In any career, you work your hardest to be able to succeed. You stoke the right people's egos (and hopefully out of genuine care and real sincerity ;)), you put in extra hours to get things polished and up to par, and you research new innovative ideas to be more streamlined and efficient. You also try to maintain a good, if not excellent, report with the people you serve. If this is the attitude towards a career in the work force, why not apply it to the career of being a stay at home mom?
I worked hard as a college student, student teacher, and TITLE intervention teacher to succeed and progress. I learned, changed, and adapted to new situations. I put a lot of effort into being successful- especially in areas where success meant everything to my career goals. As I have transitioned from my school and career drive to being a stay at home mom, I have lagged that spirited push for achievement that brought me a lot of personal satisfaction. At first I found myself hopelessly bored and hungry for a challenge. William has helped satiate that hunger (he can keep a crowed busy ;)), but I still have that longing to push myself to learn new methods and achieve personal success on a daily basis.
With help of my budget frenzy kick, I have had a beautiful realization hit me! Those women in generations past I mentioned before weren't lacking for any drive. They got the big picture about what it means to be a stay at home mom. They knew instinctively that their natural drive for success could easily be fulfilled in house keeping and child rearing. They knew they didn't have to look farther than the four walls surrounding them to achieve challenges many people seek in the work force. They ran a tight ship, and made teaching their children, hard work, and seeking new talents a priority.
I have just come to realize the vast areas at which I can succeed, and at which I can learn to become better in being a stay at home mom. I have realized that dreaded house cleaning doesn't need to be so dreaded after all. There is a lot of time I seek to fill just so that I can play off the, "I'm just too busy to clean today..." mantra. I have begun to feel the deep satisfaction that comes from having a consistently clean house; not one that is spotless (because trust me, I'm not immaculate by an stretch of the imagination!), just one that is orderly and calming to the mind! I have begun to feel the extra energy my day is filled with when I wake up to a house that was put back in order the night before so I could start the day on top. It makes me feel excited and reenergized about my role as a stay at home mom in all of its well rounded forms. There are more areas than being the sassiest taxi driver on the block that I am looking forward to achieving as a SAHM ;)
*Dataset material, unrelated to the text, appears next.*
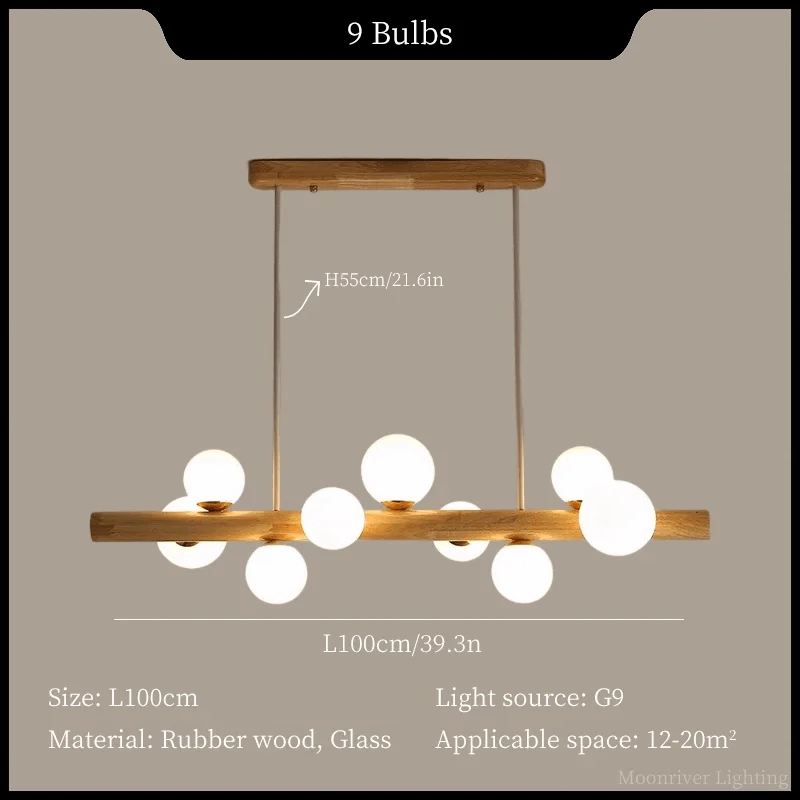 Suspension Bois Minimaliste LED - Style Moderne | Marco Lucetti 9 têtes-caoutchouc / Lumière froide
Chalk this one up on my gratitude list too! I'm one blessed momma to have the job I do!

Thursday, August 23, 2012

Overwhelmingly Grateful

My heart is full of gratitude. We have received so many answers to our prayers lately. I am overwhelmed by the compassion our Heavenly Father has on my family. He listens to us from the big things to the small things, and everything in between! These are the things that have been swarming me with untold amounts of gratitude lately:

1. Our prayers were answered to find a new job that gave us family time. I didn't realize how starved my relationship with Richard was. We did the absolute best we could with the time and situation we had (and were doing well, don't get me wrong!) I have been bursting at the seams though with love and gratitude for this thoughtful man. We have been able to do so much more together. I love his company, intelligence, and devotion.

2. We were blessed to be able to trade in our truck, sell our trailer, and purchase a commuter car with a little bit extra to cover the cost of a moving van. All of these things were individual prayer that weighed on us considerably. Heavenly Father put us in touch with the right people at the right time and gave us the proper inspiration when we needed it. Truly a blessing.

3. We are going to live in a HOUSE! We get to put down some serious roots here! No matter what our initial insecurities are, we are living in an incredible area and get to expand our lives, meet new friends, serve more fully, and raise our beautiful family in one area. I have fretted about not having enough furnishings to make our house beautiful and cozy, when I should be spending that time thanking the dear Lord we have an incredible roof over our heads, food on our tables, and the chance to grow into a home bit by bit.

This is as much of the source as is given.